The online transition has meant the virtualization of the physical—freed from the constraints of geography, distance, sight—our actions and impulses become digital through keyboards and cameras and microphones; input thoughts become signals speeding through cables.

This process strips away the context of our being—the obvious physical facts of our appearance, age, and history that make us who we are. This transformation is double-edged, both the root source of joyous online anonymity and a persistent thorn in the key vital of identity. Online interaction is novel, but identity is needed all the same to keep track, to keep score, to allow reliable reputable commerce, organizational structure, and social interactions.

Web1 was relatively identity-less, at least compared with the tidal wave of KYC, identification software, and document digitalization that arrived with Web2. The transition to Web3—with its expectation of improved data privacy, data custody, default encryption, and a “sufficient” level of decentralization—further removes us from legacy methods of tracking identification.

Here it is useful to winnow the broader discussion of identity down to “digital identity”, the identity created and used once a user is already online (and onboarded to whatever network).  Email, social media profiles, bank accounts. Things you log into and assume to carry out your online behaviors. Web3 has shifted the frontier from the creation and securing of these to the iteration and improvement of digital identity itself.

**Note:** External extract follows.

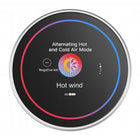 Suszarka do włosów jonizacja LED 5 trybów auto hot/cold 2300W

There are several serious goals here.  Freeing digital identity from the walled gardens and network effects of centralized services creates persistence and weakens monopolistic hegemonies, empowering the portability and ownership of data. Owning a persistent digital identity and the associated data history allows users to capture value created by the participation and contribution in platforms. This dynamic will destroy the popular “free” social paradigms that rely on externalized, shadowy backrooms auctioning off user data.

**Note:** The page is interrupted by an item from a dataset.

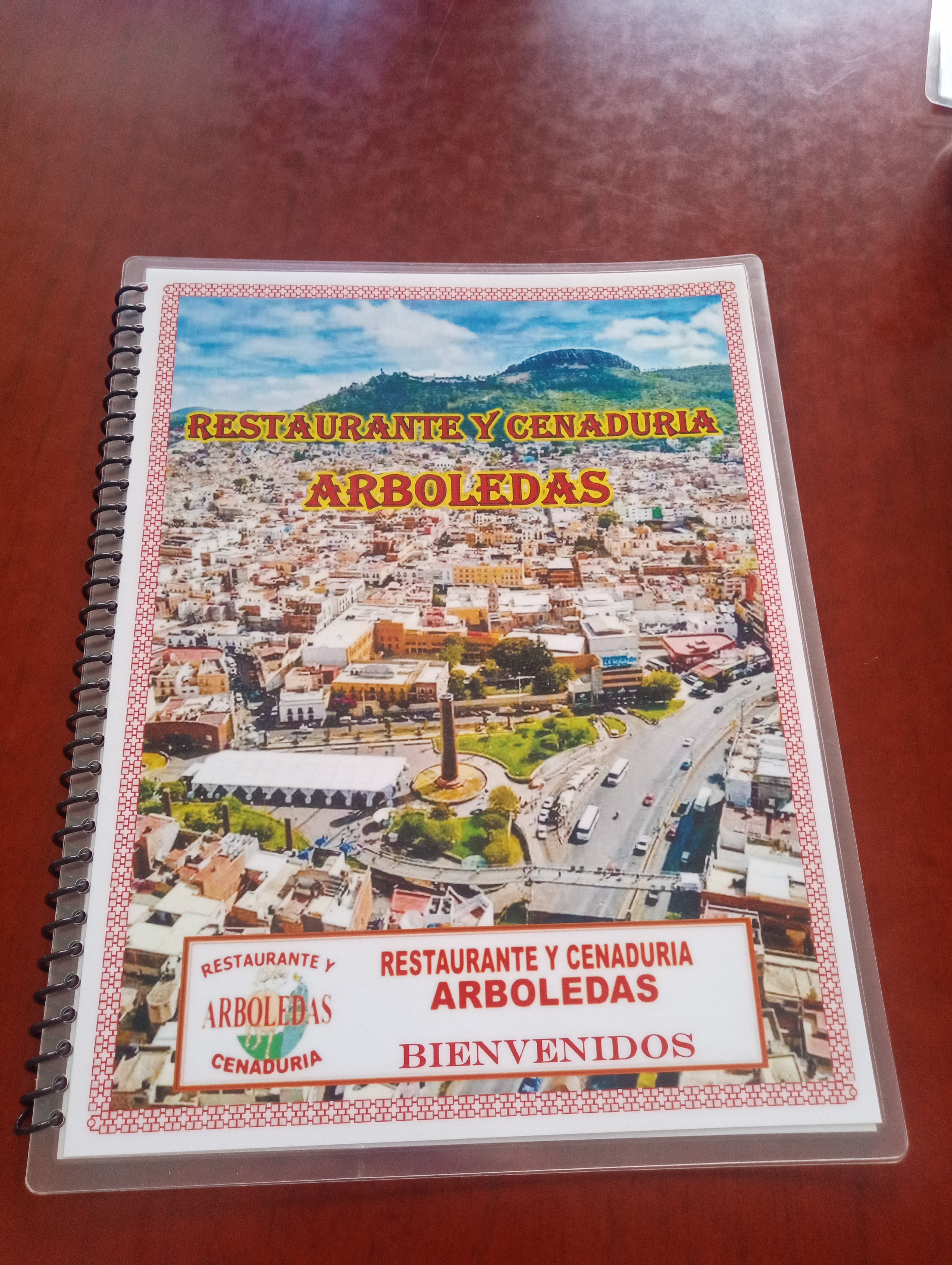 Restaurante y Cenaduría Arboledas image 7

That’s how the theory goes, at least. The vision is grand, and still at the start.  Auspiciously, the architecture of blockchain design has brought with it a new type of digital identity, the native account of web3—the wallet.

Previous iterations of web advancement began with messaging, and later expanded to financial uses and smart functionality. Conversely, Bitcoin was in large part a reaction to the behind-closed-doors mismanagement of markets that led to the 2008 financial crisis. The priority was always on money, payments, and the transparency of those things.

Put simply, web3 went money first, and now it’s looping back to messaging and social functionalities. The same wallets designed for non-custodial & trustless commercial interaction retain these qualities for other purposes, specifically as the identity primitive of web3.

Blockchain architecture makes wallets persistent and universal. Wallets can connect with other wallets without any platform requirements, unconstrained by walled gardens or sunken-cost network effects of past behavior, buy-in, and data accumulation. Wallets can go anywhere with their data, which means interactions can’t be artificially limited. The data doesn’t stay on any one platform, the data is the commons of web3.

Equipping wallets with communication functionality means they are closer than ever to being a robust solution towards web3’s identity needs. Building reputation and permission systems on top of wallet architecture (while leveraging wallet activity, holdings, etc) could plug a major hole in Web3, sharply increasing usability and proliferating use-cases.

Relay is working on all these things. Wallet chat built on top of XMTP, profiles that aggregate wallet history and social graphs—Lens, Gitcoin Passport, Disco, to name a few—plus the token-gating and message-filtering needed to ironclad the web3 experience from spam and abuse.